Call apply_migrations
function
Import migrations in
mephisto/abstractions/databases/local_database.py
:...
from .migrations import migrations
...Apply migrations in
LocalMephistoDB
:class LocalMephistoDB(MephistoDB):
...
def init_tables(self) -> None:
with self.table_access_condition:
conn = self.get_connection()
conn.execute("PRAGMA foreign_keys = on;")
with conn:
c = conn.cursor()
c.execute(tables.CREATE_IF_NOT_EXISTS_PROJECTS_TABLE)
...
apply_migrations(self, migrations)
...
with conn:
c.executescript(tables.CREATE_IF_NOT_EXISTS_CORE_INDICES)
...
Maintenance of related code
Making changes in databases must be carefully thought through and tested.
This is a list of places that will most likely need to be synced with your DB change:
- All queries (involving tables that you have updated) in database class, e.g.
LocalMephistoDB
- Module with common database queries
mephisto/utils/db.py
- Queries in Review App (
mephisto/review_app/server
) - it has its own set of specific queries - Names/relationships for tables and columns in DBDataPorter (they're hardcoded in many places there),
within Mephisto DB and provider-specific databases.
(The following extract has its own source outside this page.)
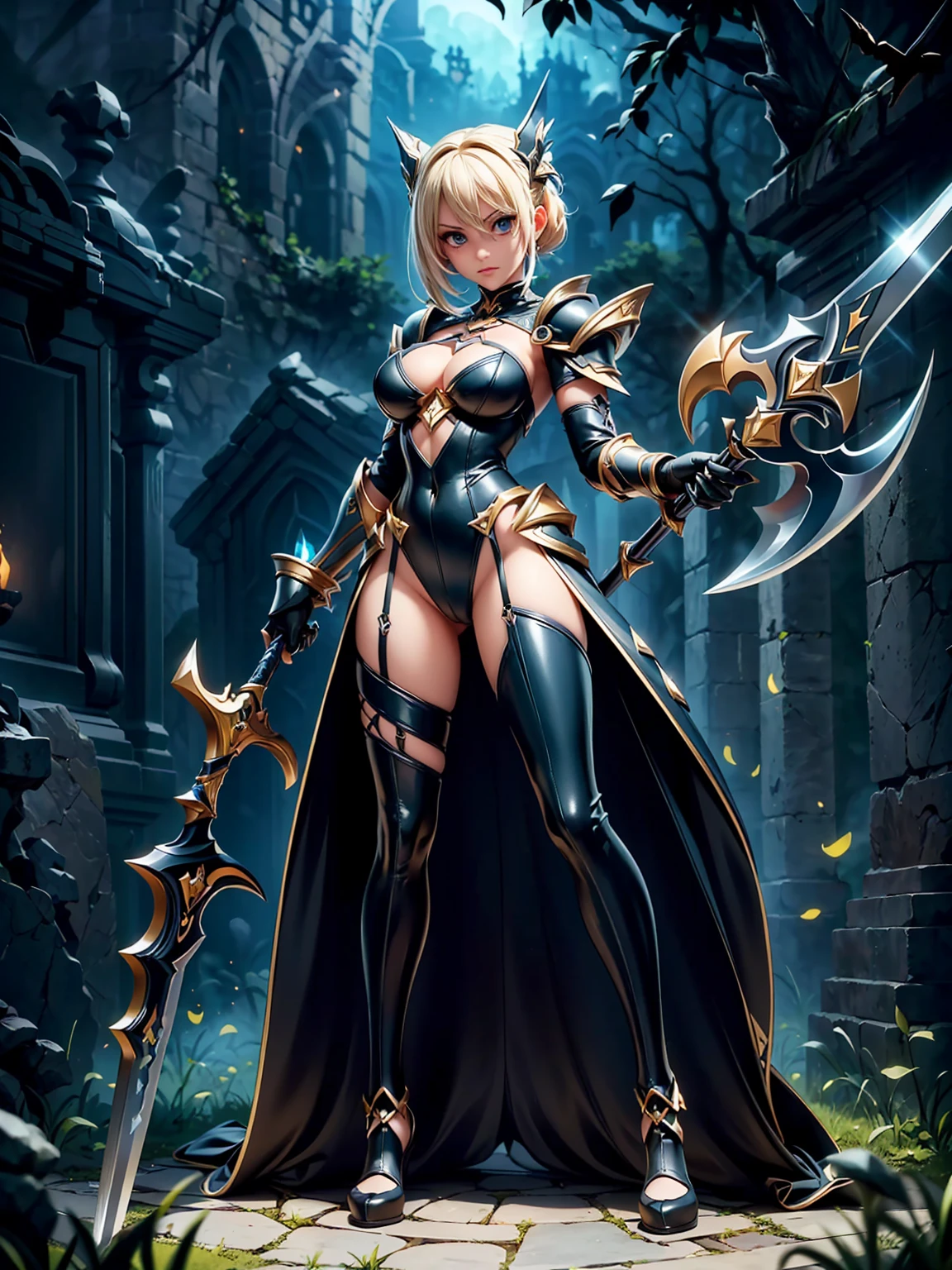 (((masterpiece, best quality, high detailed, 8k))) Design a layout showcase Gaming character, (1girl). Black|Gold clothes, stylish and unique. ((showcase weapon:1.4)), dark scythe. (masterpiece:1.2), (best quality), 4k, ultra-detailed. (Step by step design, layout art:1.5), (luminous lighting, atmospheric lighting). necromancer, ((glove full hands)), (((revealing clothes:1.3))), vambraces, armored legwear, (((full_body_shot:1.4))). {In a haunted graveyard}.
For instance:
mephisto/tools/db_data_porter/constants.py
mephisto/tools/db_data_porter/import_dump.py
- ...
- Data processing within Mephisto itself (obviously)
While we did our best to abstract away particular tables and fields structure, they still have to be spelled out in some places. Please run tests and check manually all Mephisto applications after performing database changes.